Investigation and modeling of two phase flow through a compressor stage: Analysis of film breakup

Abstract For stationary gas turbines, the injection of water sprays into the compressor inlet is used to increase the power output, which can be used for rapid correction of power fluctuations appearing in power supply systems with today’s increased use of wind and solar energy. However, to fully utilize this technique a comprehensive understanding of the underlying phenomena is needed. An inhouse CFD program was used at Institute of Aerospace Thermodynamics (ITLR) Stuttgart modeling a variety of two-phase phenomena which was validated on the transonic wind tunnel at Helmut Schmidt University (HSU) Hamburg.
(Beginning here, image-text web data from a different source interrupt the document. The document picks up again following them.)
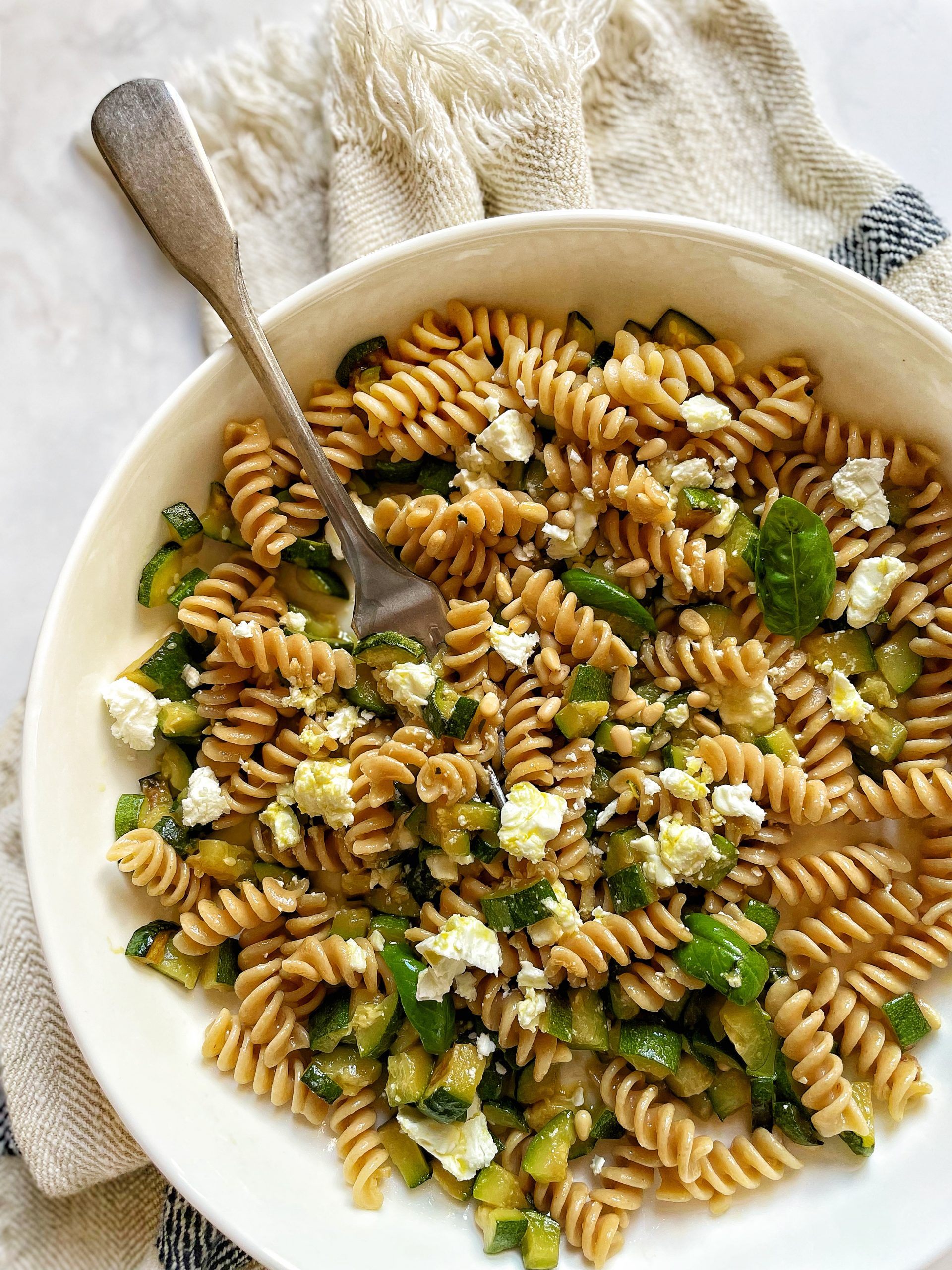 PASTA CON ZUCCHINE , FETA E PINOLI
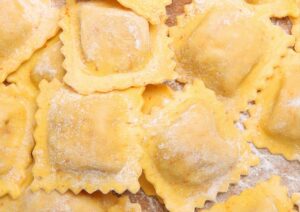 Domenica in cucina: ravioli fatti in casa, la ricetta con due ripieni irresistibili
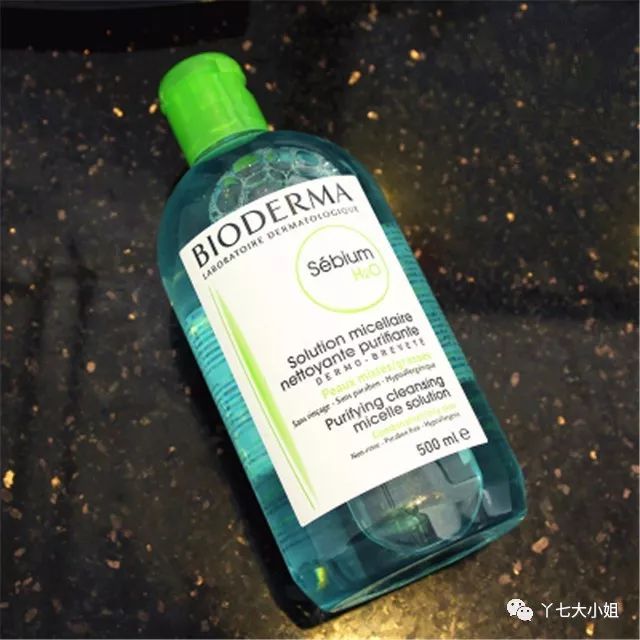 列举四种不同的肤质选择卸妆产品,哪款卸妆产品卸得干净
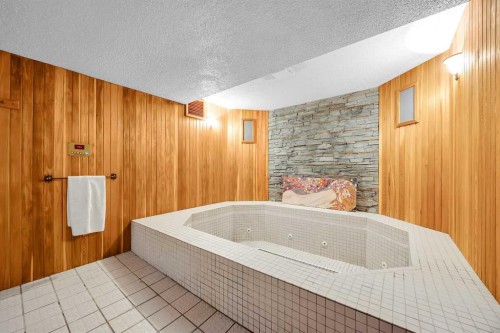 874 Riverbend Drive Se, Calgary, AB - Indoor Photo Showing Bathroom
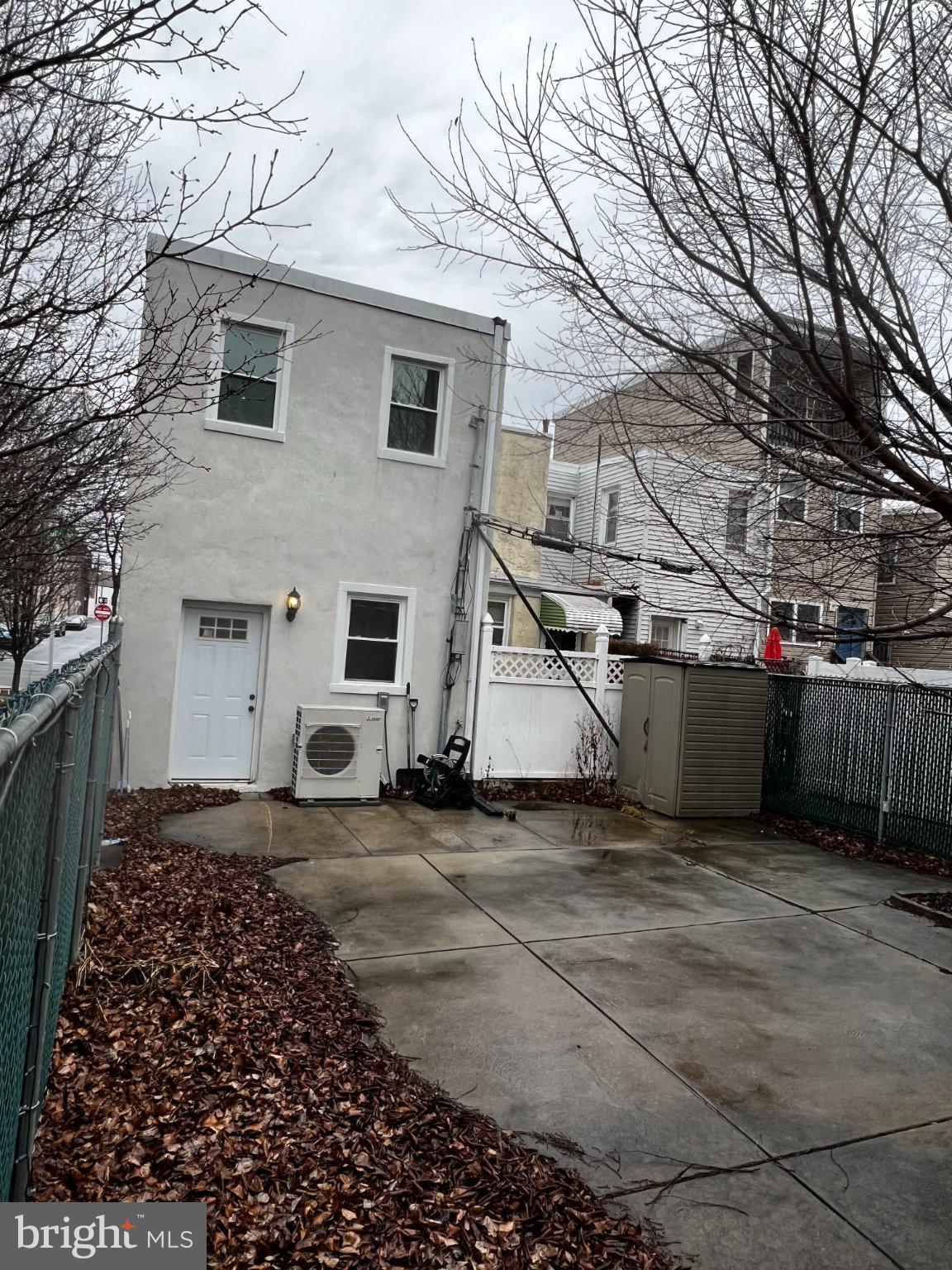 2637 TULIP STREET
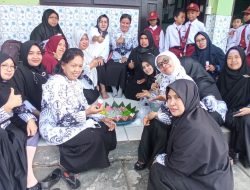 Guru Honorer Berharap Bisa Mendapat Perhatian Lebih Dari Pemerintah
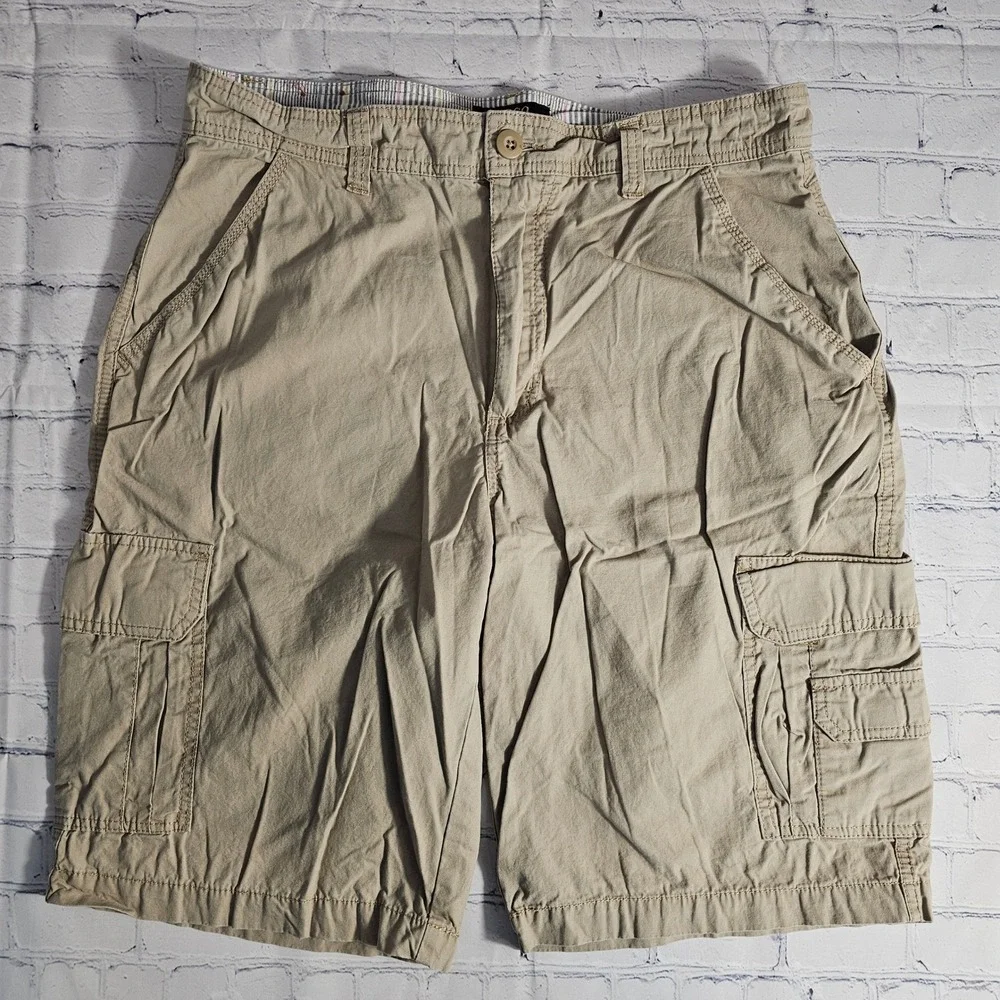 North Bay Cargo Supplies Men's Beige Cargo Shorts Size 34 Cotton Utility Pockets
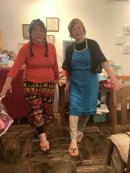 小関初美さん(左)と店主 小関初美さん(左)と店主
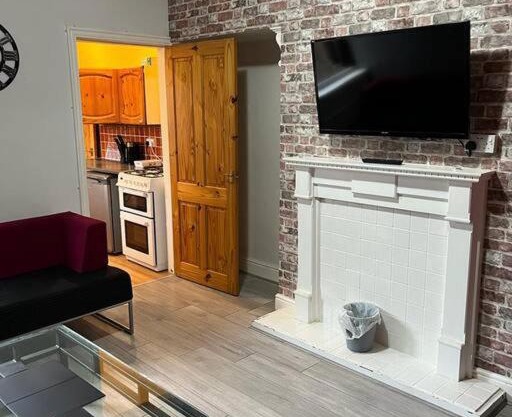 Ovington Grove 2 fully equipped kitchen free parking 3 bedrooms Netflix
The present paper focuses on the water film on the blades formed by water deposition of impinged droplets. Experimental results using a reflective shadowgraphy method reveal the wall film pattern on the blade without disturbing the flow. A numerical model is presented predicting the position of film breakup based on the superposition of a small perturbation of the film height. The onset of film breakup is predicted to be at the position in which the perturbation is not dampened by the acting forces. The film breakup position is analyzed experimentally and numerically for three different water loads. The experimental analysis shows that the onset of film breakup is almost independent of the water load. The numerical model shows the same trends and indicates a film breakup at the same position.